Have you checked your Asio drivers for the DAW's? I'd probably start there. I'm unfamiliar with Yousician but Reaper is usually pretty solid. The 2 programs together might just not like each other for various reasons though. Reaper will load VST's from other programs if you point it to the right folder though..


----------



## GuitarPix (Jan 11, 2007)

I own and have had a few pc’s (and trouble shoot them on occasion for friends/family) but still prefer my macs by a lot. A slightly and gently used iMac with i7 processor is a nice choice. 

People talk about how much cheaper pc’s are but the average user (as opposed to power user) tends to spend a lot on shop time - which is how PC sellers actually make money. 

It doesn’t really matter which you get, I just find I spend more time working and less time troubleshooting macs. 

For example- ASIO drivers for PCs are a pain compared to plug and play with macs.


----------



## Mooh (Mar 7, 2007)

iMac and Garageband is what I use, happily. Usually a Blue Yeti mic (I have two).


----------



## oldjoat (Apr 4, 2019)

everyone is missing the point , he stated : "I'm also itching to get a new guitar"

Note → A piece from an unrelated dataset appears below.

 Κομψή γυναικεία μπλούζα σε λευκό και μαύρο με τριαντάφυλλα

so forget the PC/ Mac and get the guitar !


----------



## Wardo (Feb 5, 2010)

GuitarPix said:


> People talk about how much cheaper pc’s are but the average user (as opposed to power user) tends to spend a lot on shop time - which is how PC sellers actually make money.
> It doesn’t really matter which you get, I just find I spend more time working and less time troubleshooting macs.

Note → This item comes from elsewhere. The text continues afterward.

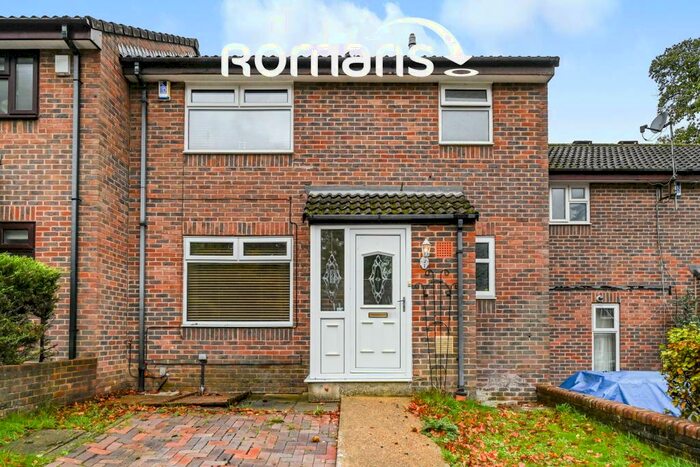 4 Bedroom Terraced House To Rent In Warwick, Crown Wood, RG12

I don't really care one way or the other but the maintenance thing caught my attention because I've been using PCs forever and found them to be quite reliable. There are 10 computers at my office which have been running pretty much non-stop for years no problems; I know my desk top at work has been switched on for 8 years. Same with my home computers. Maybe ours just aren't doing anything complicated - we only have word pro, internet and accounting software so not much to go wrong there. We've been upgrading to 10 recently which kinda sucks because we really don't need it.


----------



## torndownunit (May 14, 2006)

Wardo said:


> I don't really care one way or the other but the maintenance thing caught my attention because I've been using PCs forever and found them to be quite reliable. There are 10 computers at my office which have been running pretty much non-stop for years no problems; I know my desk top at work has been switched on for 8 years. Same with my home computers. Maybe ours just aren't doing anything complicated - we only have word pro, internet and accounting software so not much to go wrong there. We've been upgrading to 10 recently which kinda sucks because we really don't need it.


As far as reliability, I have a 2011 imac, and a 2011 MacBook air which is my recording computer. So reliability and Macs isn't generally an issue. My main work machine is a 2015 MacBook pro.

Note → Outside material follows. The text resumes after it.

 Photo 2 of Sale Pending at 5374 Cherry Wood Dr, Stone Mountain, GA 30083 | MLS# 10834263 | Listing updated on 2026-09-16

But, I use PC's as well. One time I will recommend a Mac over a PC is if someone wants to run GarageBand or Logic. I love both programs, and GarageBand (along with iMovie) is free on Macs. It's a huge value. Logic is crazy good for how much it costs too. Several of my friends have bought used Mac minis for hobby recording, and are very happy with them. Both my aging Macs run will run Logic and GarageBand great. 

Personally, for hobby recording I wouldn't recommend the cost of a new Imac though. I'd get a refurb. Or get an older model used which has more port options. I've gone both routes. If you don't care about logic/GarageBand save mthough,then and save money and go with a pc.


----------



## GuitarPix (Jan 11, 2007)

Wardo said:


> I don't really care one way or the other but the maintenance thing caught my attention because I've been using PCs forever and found them to be quite reliable. There are 10 computers at my office which have been running pretty much non-stop for years no problems; I know my desk top at work has been switched on for 8 years. Same with my home computers. Maybe ours just aren't doing anything complicated - we only have word pro, internet and accounting software so not much to go wrong there. We've been upgrading to 10 recently which kinda sucks because we really don't need it.



And I have faced the opposite when a Mac can and does have issues 

But, the repair portion of a PC computer store is still typically the most profitable part of the company. 

Also typically a company that brings in Macs has 2/3 less IT people according to research by an accounting firm which made the switch (sorry can’t remember the name of it or where I saw the article).

But - I too am disappointed with the choices Apple is making about ports and repair ability of the newer macs. So may go hackintosh myself


----------



## torndownunit (May 14, 2006)

GuitarPix said:


> And I have faced the opposite when a Mac can and does have issues
> 
> But, the repair portion of a PC computer store is still typically the most profitable part of the company.
> 
> ...


Luckily this has resulted in a ton of good Mac resellers refurbing old machins.s.

Want to hear a weird one? I bought a 2015 MacBook pro refurb from Apple... last year. I have no idea why those were randomly in stock, but what a deal. The last machine with a ton of ports, and full apple care on it.


----------



## player99 (Sep 5, 2019)

Apple is terrible. They have designed flaws into their units that fail, then they won't fix them. There have been lawsuits that have cost them millions for these dirty manufacturing habits. There is a bill trying to get passed in the USA right now for the "Right To Repair".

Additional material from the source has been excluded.